New research suggests that when chimpanzees are performing more complex tasks, they are more likely to share tools with their more novice peers and offspring, as well as engage in teaching behaviors.

Scientists have previously noted that tool-sharing among chimpanzees represented a form of teaching, but that chimps learn primarily through watching and mimicking — not via direct teaching.

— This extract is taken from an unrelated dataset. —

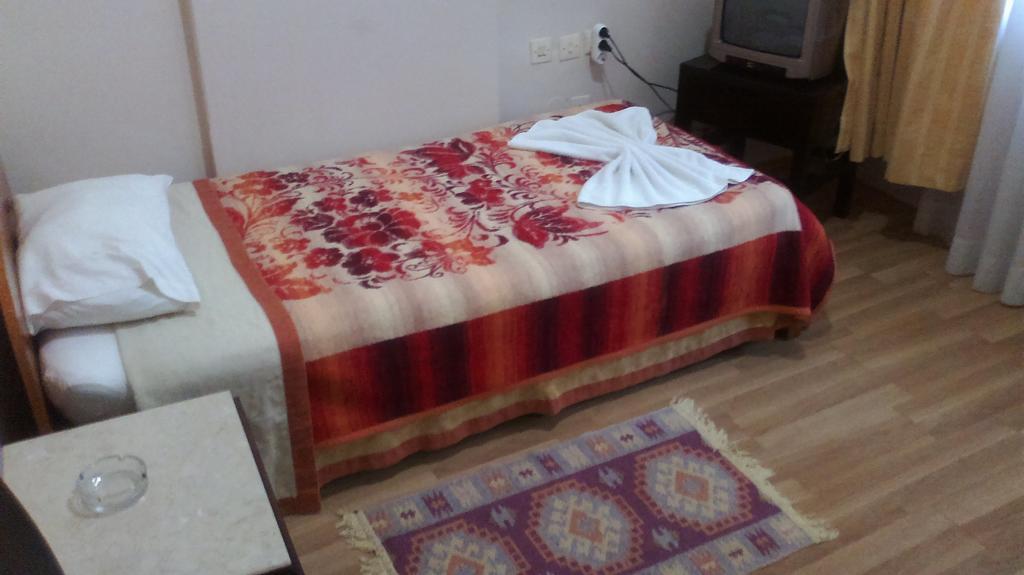 Duru Family Otel 3*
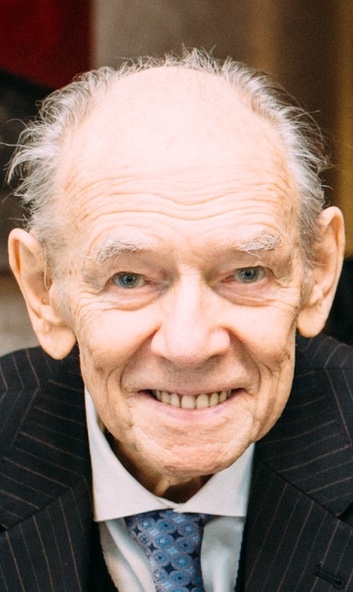Gilles Viger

"Non-human primates are often thought to learn tool skills by watching others and practicing on their own, with little direct help from mothers or other expert tool users," Stephanie Musgrave, assistant professor of anthropology at the University of Miami, said in a news release. "In contrast, the results from this research indicate that social learning may vary in relation to how challenging the task is: during tasks that are more difficult, mothers can in fact play a more active role, including behaviors that function to teach."

For the new study, scientists used standardized methods to track how cultural transmission differed among two groups of wild chimpanzees, a first.

The two populations — one in the Goualougo Triangle, Republic of Congo, the other in Gombe, Tanzania — use tools to target the same resource, termite ants. Both use fishing pole-like sticks to retrieve termites from their complex nests, but the Goualougo chimpanzees use a sophisticated array of tools in sequential order.

Researchers found the rate of tool transfer is three times greater among the Goualougo population. Mother chimps at Goualougo were also observed actively responding to the tool requests of their offspring, a behavior not found among Gombe chimps.

"We have previously documented that tool transfers at Goualougo function as a form of teaching," said Crickette Sanz, associate professor of biological anthropology at Washington University. "The population differences we observed in the present study suggest that teaching may be related specifically to the demands of learning to manufacture tools at Goualougo, where chimpanzees use multiple tool types, make tools from select plant species, and perform modifications that increase tool efficiency."

The new research, detailed this week in the journal PNAS, offers one of the best examples yet of prosocial behavior, or helping behavior, among wild chimpanzees.

By studying prosocial behaviors and the transfer of cultural or technological knowledge among generations of chimps, scientists can begin to understand the origins of more complex cultural abilities among early humans.

"Human evolution is characterized by the emergence and elaboration of complex technologies, which is often attributed to our species' aptitude for passing skills onto one another through mechanisms such as teaching and imitation. However, the evolutionary origins of these capacities remain unclear," Musgrave said. "Our research shows that the human propensity to assist others in acquiring complex skills may build at least in part upon capacities that we share with our closest living relatives."